De beoordeling of een Somalische asielzoeker die afkomstig is uit Mogadishu, bescherming behoeft in Nederland, zal plaatsvinden op individuele gronden waarbij steeds individueel zal worden onderzocht of betrokkene een vestigingsalternatief heeft in een ander deel van Somalië, conform de vereisten van het beleid ten aanzien van het aannemen van een vestigingsalternatief. Als een Somalische asielzoeker aannemelijk maakt dat hij afkomstig is uit Mogadishu en de individuele beoordeling leidt tot de conclusie dat geen vestigingsalternatief is in een ander deel van Somalië, zal betrokkene op dit moment niet worden teruggestuurd naar Somalië. Indien na de individuele beoordeling blijkt dat er wel een vestigingsalternatief is in een ander deel van Somalië, is terugkeer (zelfstandig dan wel gedwongen) aan de orde. Primair wordt ingezet op het bevorderen van het zelfstandig vertrek. Indien gedwongen terugkeer aan de orde is, zal worden uitgezet naar de internationale luchthaven van Mogadishu die in handen is van de Transitional Federal Government (TFG), gesteund door de troepen van de African Union Mission in Somalië (AMISOM), vanwaar betrokkene door kan reizen naar het vestigingsalternatief. Vanzelfsprekend blijft het onderkennen en tegengaan van fraude nog steeds een essentieel onderdeel van deze individuele beoordeling.

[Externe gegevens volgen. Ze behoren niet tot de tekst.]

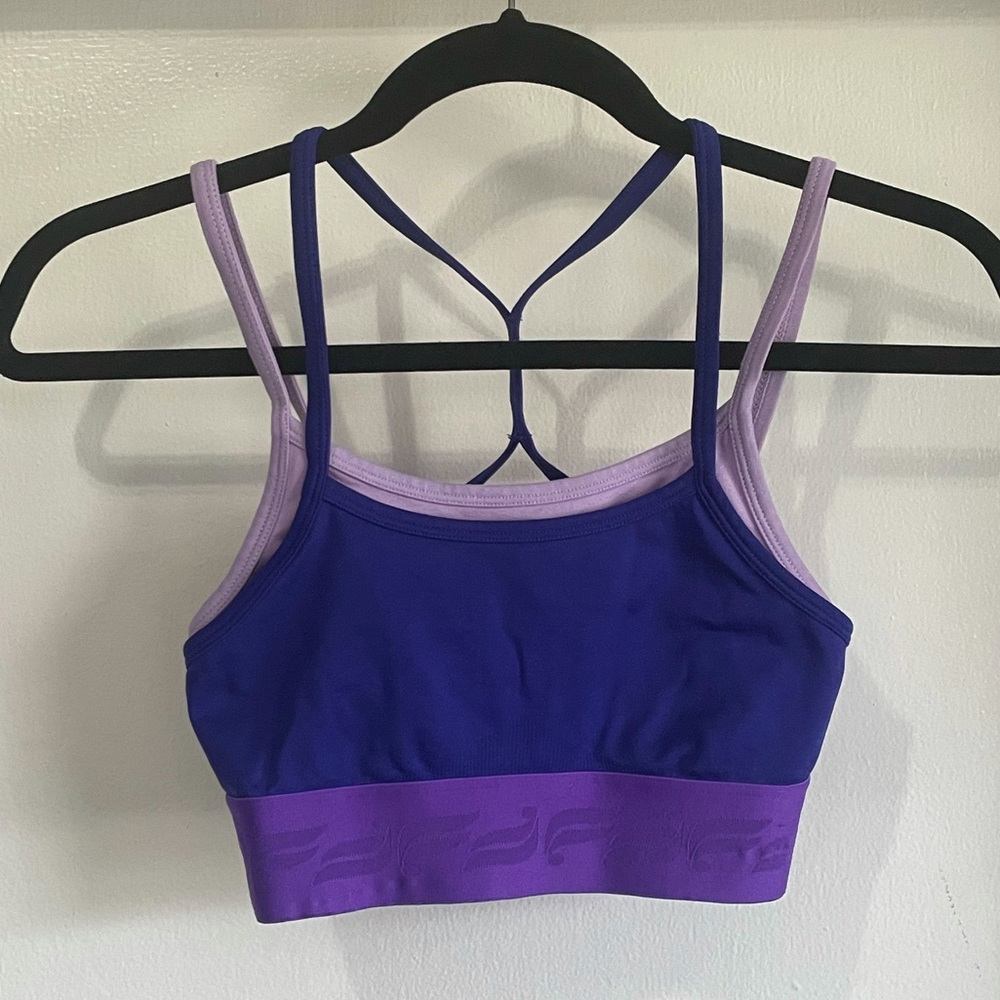 Layered Sports Bra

De beoordeling van de aanwezigheid van een vestigingsalternatief vindt plaats op basis van het geldende landgebonden asielbeleid voor de noordelijke (autonome) gebieden Puntland, Somaliland, Sool of Sanaaq. Daarnaast zal individueel worden onderzocht of vreemdelingen uit Mogadishu een vestigingsalternatief hebben in Zuid- en Centraal Somalië. De collectieve aard van de bedreiging in geval van een situatie als bedoeld in artikel 15 c van de Kwalificatierichtlijn leidt tot een meer daarop toegespitste beoordeling van de aanwezigheid van het vestigingsalternatief dan wanneer sprake is van een individuele bedreiging. Dit zal ook zo worden neergelegd in de Vreemdelingencirculaire. Ten aanzien van niet-Somali minderheden, alleenstaande vrouwen en alleenstaande minderjarigen die afkomstig zijn uit Mogadishu, wordt het bestaan van een vestigingsalternatief in Zuid- en Centraal-Somalië in beginsel uitgesloten.

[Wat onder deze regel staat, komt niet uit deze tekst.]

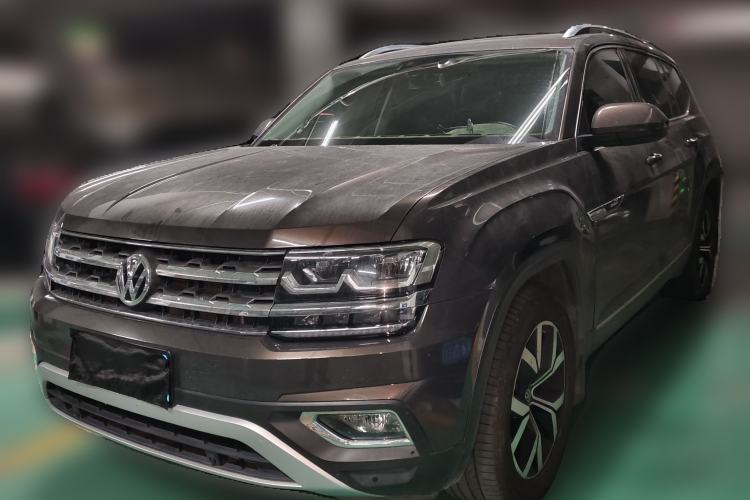 Used Volkswagen Teramont 2017 380TSI Four-Wheel Drive Luxury Edition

Deelt u de mening dat, gelet op de uitspraak van de Afdeling bestuursrechtspraak van de Raad van State en gezien de huidige erbarmelijke situatie in Mogadishu, niet anders kan worden geoordeeld dat zich in Mogadishu een dermate hoge mate van willekeurig geweld voordoet in het kader van een aan de gang zijnd gewapend conflict, dat een burger die terugkeert naar Mogadishu, een reëel risico loopt op ernstige schade, zoals bedoeld in artikel 15c van de Kwalificatierichtlijn?
Zie antwoord vraag 3.
Bent u van mening dat het terugsturen van vreemdelingen naar Mogadishu, gezien de ernstige situatie daar, niet verantwoord en strijdig met het recht op bescherming van burgers is?
Zie antwoord vraag 3.
Staan er de komende maanden nog uitzettingen van vreemdelingen naar Mogadishu gepland?
Er staan geen uitzettingen gepland. Zelfstandige terugkeer naar Somalië is mogelijk en vindt plaats.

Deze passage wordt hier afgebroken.